Central Intercollegiate Athletic Association (CIAA) Jacqie McWilliams has a résumé that most people can only dream about.
McWilliams was a two-sport athlete in basketball and volleyball at Hampton University. In 1988, her first year at Hampton, she helped guide the Pirates to a Division II National Championship. She was also named Conference Freshman of the Year in women’s basketball. In 1990 she was named Conference Player of the Year in volleyball.
She also shined academically, getting a bachelor’s in psychology and a master’s in sports management and administration from Temple University. She was the first female coach for the Virginia Union University men’s basketball team, serving as an assistant, and has worked at Norfolk State University and Morgan State University before working for the NCAA itself.

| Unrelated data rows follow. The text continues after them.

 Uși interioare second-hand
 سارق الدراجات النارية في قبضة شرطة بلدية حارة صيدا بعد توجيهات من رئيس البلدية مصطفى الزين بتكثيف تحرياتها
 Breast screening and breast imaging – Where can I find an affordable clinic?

McWilliams has done so much in her life and career, and she believes it was all part of the plan.
“I think God planned me to do all this. I just have some great favor and great support over my life,” McWilliams told BLACK ENTERPRISE. “As a little girl, my mom had me involved in all kinds of sports, skating, badminton, you name it, but really figuring out where my talents lie helped me and having the chance to use sports to get me through college really helped me stay focused.”

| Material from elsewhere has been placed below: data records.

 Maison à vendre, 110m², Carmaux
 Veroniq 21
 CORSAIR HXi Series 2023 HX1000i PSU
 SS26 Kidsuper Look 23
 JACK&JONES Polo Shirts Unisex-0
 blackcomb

McWilliams is currently in her ninth year as CIAA Commissioner and the first Black woman to serve in the role for the conference. As a Black woman in a leadership role, McWilliams knows she’s held to a higher standard and has less room for error but has a team she can rely on.
“It has not been an easy road; you deal with the ism’s obviously as a Black woman in a leadership role,” She told BLACK ENTERPRISE. “You deal with it in your own culture, and you deal with it outside of your culture, but being part of the women leaders in college sports and being the president of that organization, those things give you confidence and really feels great to have people around you to make sure that you’re successful, and the person I can give the most gratitude to is God.

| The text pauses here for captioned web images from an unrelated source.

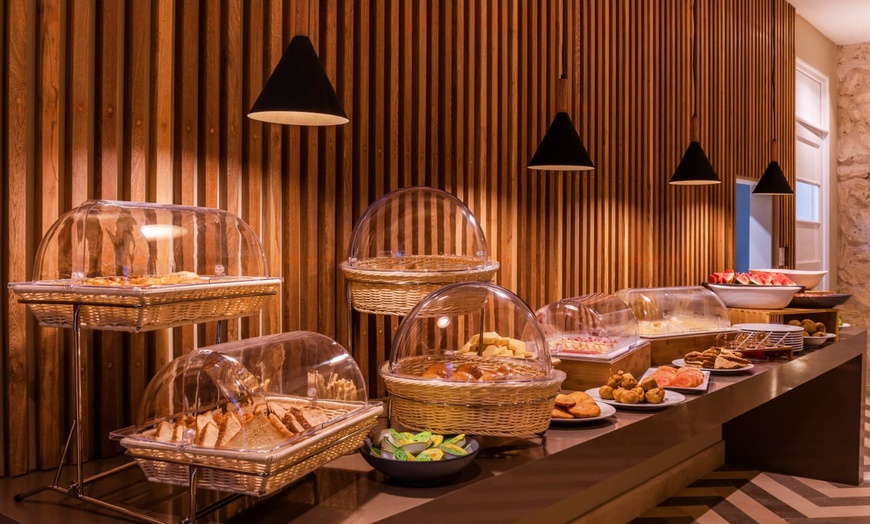 Image 10: ✈ COLOMBIA | Cartagena - Oz Luxury hotel 4*, 5 notti - City break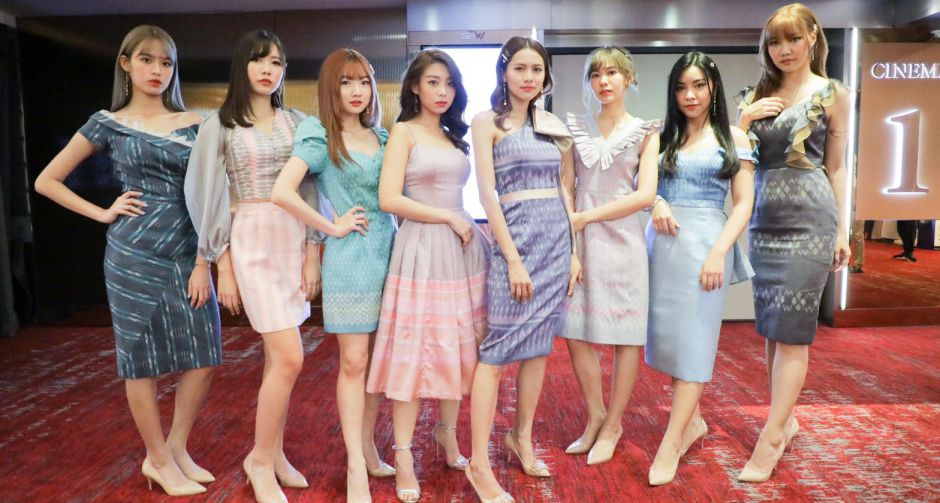 รอบปฐมทัศน์ภาพยนตร์ "ไทบ้าน x BNK48" จากใจผู้สาวคนนี้ คลื่นแฟนคลับล้นงานอบอุ่นสไตล์คนกันเอง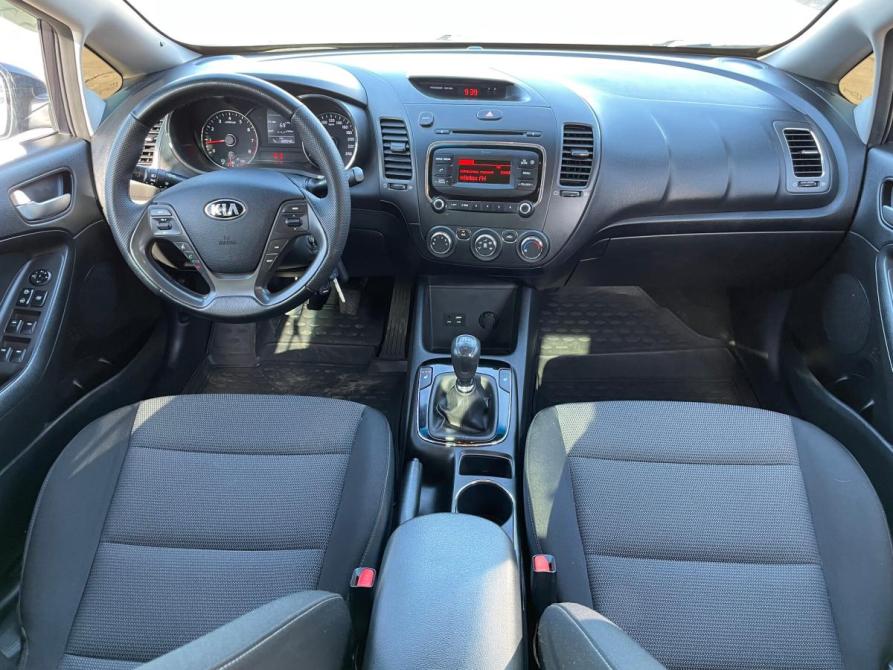 Kia Cerato III Рестайлинг (Classic) Саратов  - изображение 17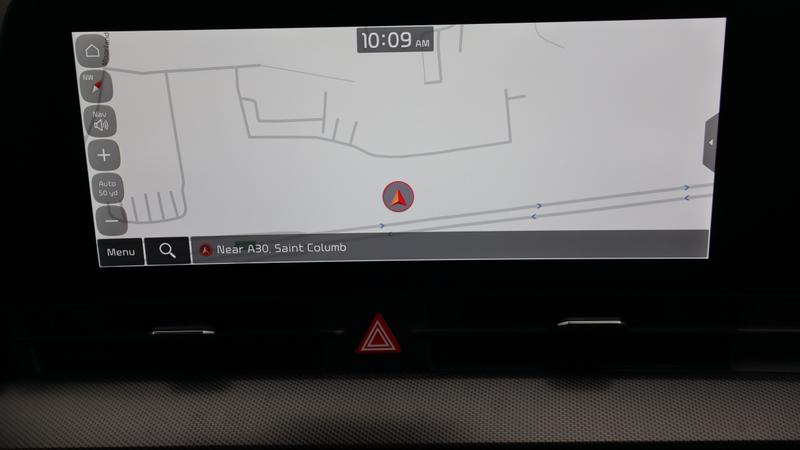 Used Kia Sportage 2025 for sale - 77116638: Photo 12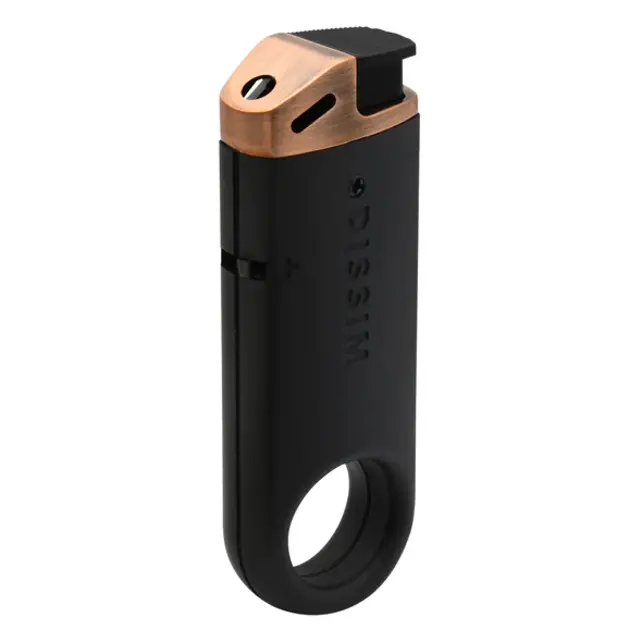 Dissim Slim Soft Flame Lighter -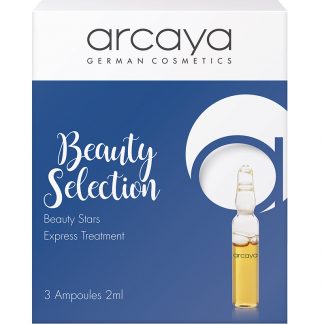 Arcaya Beauty Ampoules Beauty Selection Box, 2ml x 3/Pack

“I spend a lot of time making sure that the people around me are supported and can support me. You don’t win a national championship without the right players that are disciplined, focused, controlled, and compliment each other well, and that takes a lot of work to get there.”
In her role, McWilliams has managed both the men’s and women’s NCAA Division I basketball tournaments, which continues to be among the most celebrated and highly attended events in intercollegiate athletics. She also mentors student-athletes that play in the conference.
The motivational speaker also served on several NCAA boards, including the Women Leaders in College Sports, where she served as president last year, and the NCAA Gender Equity Task Force, which she currently serves on.
McWilliams knows she wouldn’t be where she is without the help of many, including her husband Shaun Parker, daughter Samone, and her mentor Judy Fleet, but as a woman of faith, McWilliams also wanted to thank God.
“I have my ups and downs; there are times where it’s really hard and where it goes past you, and you’re just like OK, we got through it,” McWilliams said. “This was my dream job. I’ve worked in the CIAA before; I’m a product of the conference. Working at the NCAA and some Division 1 institutions really helped mold and shape my preparation to be in a leadership role.
“I’m a woman of faith, so I don’t think anything that’s happened in my life was by mistake. I think every role that I’ve had he has put me in a position to do good work.”